-- Opening Marker --
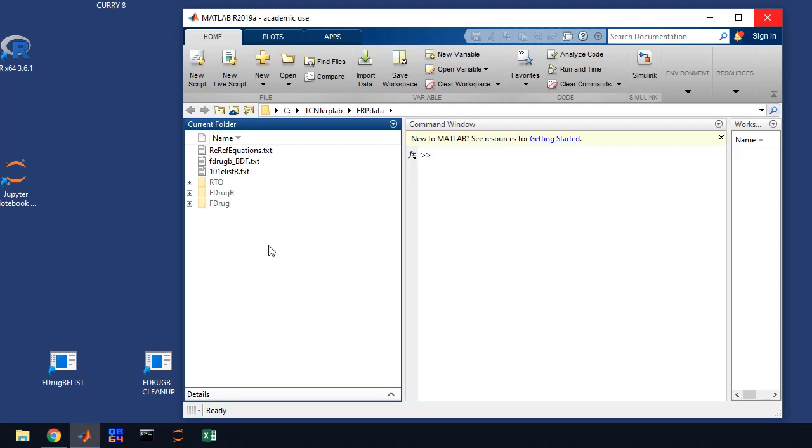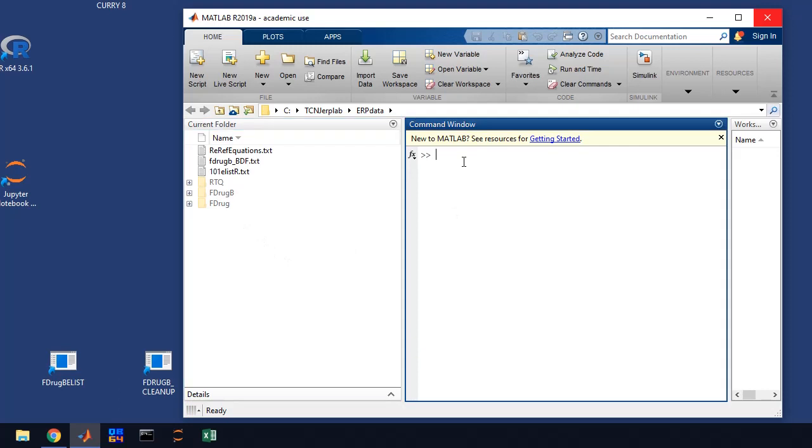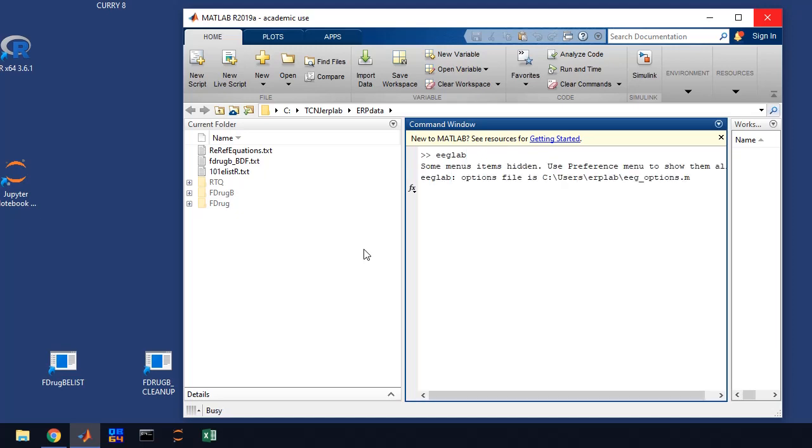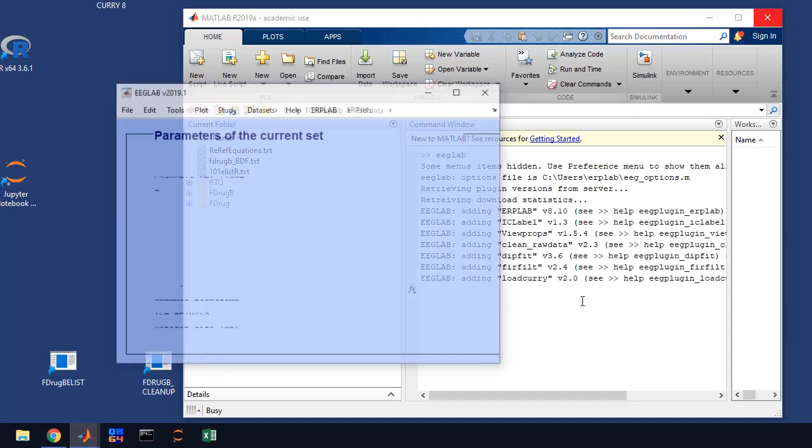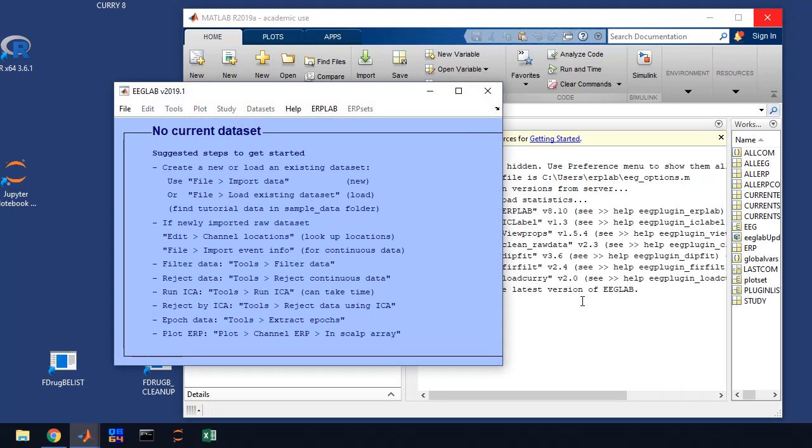The next step you're going to start EEG lab. You just type EEG lab at the MATLAB command window, lowercase, press enter, and EEG lab is going to start. You'll see some messages come up here and EEG lab is this bluish purple window here.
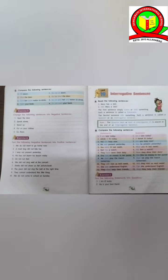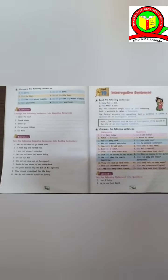Mary has a doll. Has Mary a doll? The first sentence simply states or tells something. Such a sentence is called a statement. We can see that in the first sentence it is simply a statement.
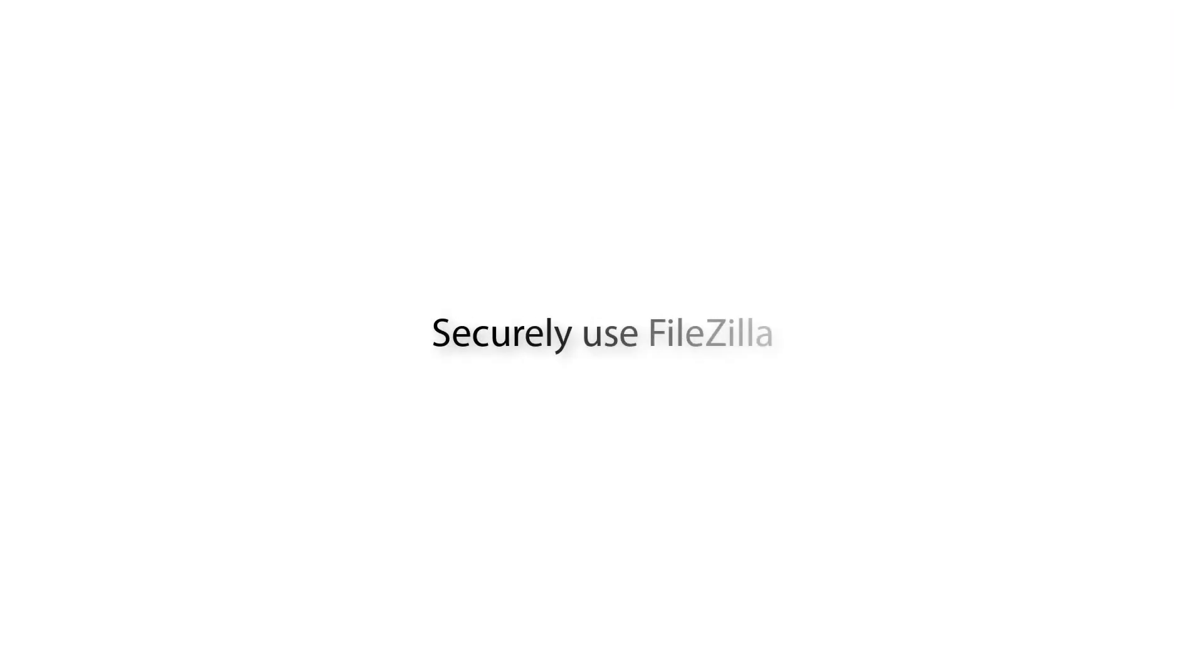FileZilla Pro Series. In this video, we'll teach you how to securely use FileZilla and FileZilla Pro.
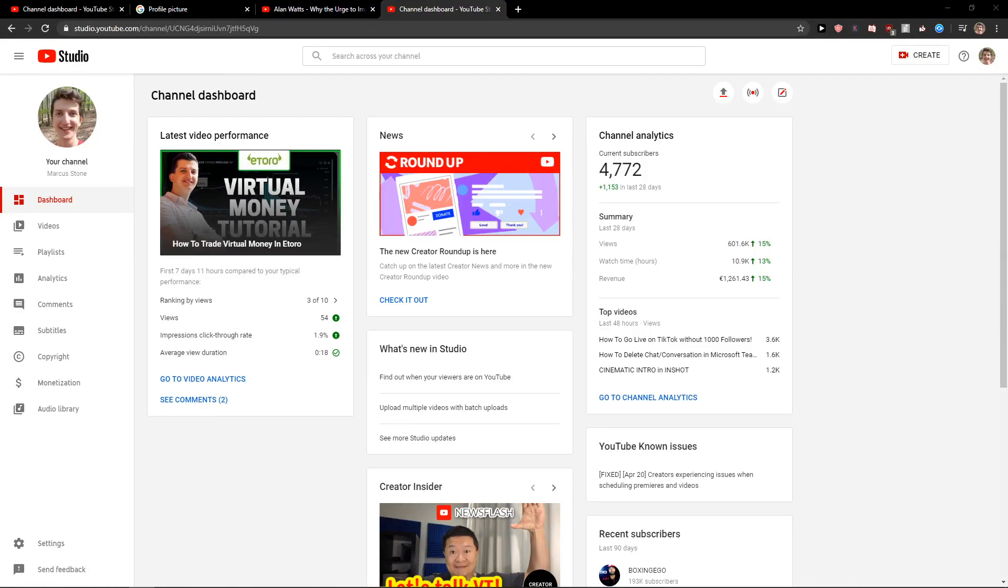Welcome everybody, my name is Michael Stone and in this video you will learn how you can simply change video to private on YouTube. So let's start.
-- Closing Marker --
◆ Directions ◆
Since the pictures are not wanted, repeat only the rest of the material, exactly as given.

◆ Result ◆
The next step you're going to start EEG lab. You just type EEG lab at the MATLAB command window, lowercase, press enter, and EEG lab is going to start. You'll see some messages come up here and EEG lab is this bluish purple window here.
Mary has a doll. Has Mary a doll? The first sentence simply states or tells something. Such a sentence is called a statement. We can see that in the first sentence it is simply a statement.
FileZilla Pro Series. In this video, we'll teach you how to securely use FileZilla and FileZilla Pro.
Welcome everybody, my name is Michael Stone and in this video you will learn how you can simply change video to private on YouTube. So let's start.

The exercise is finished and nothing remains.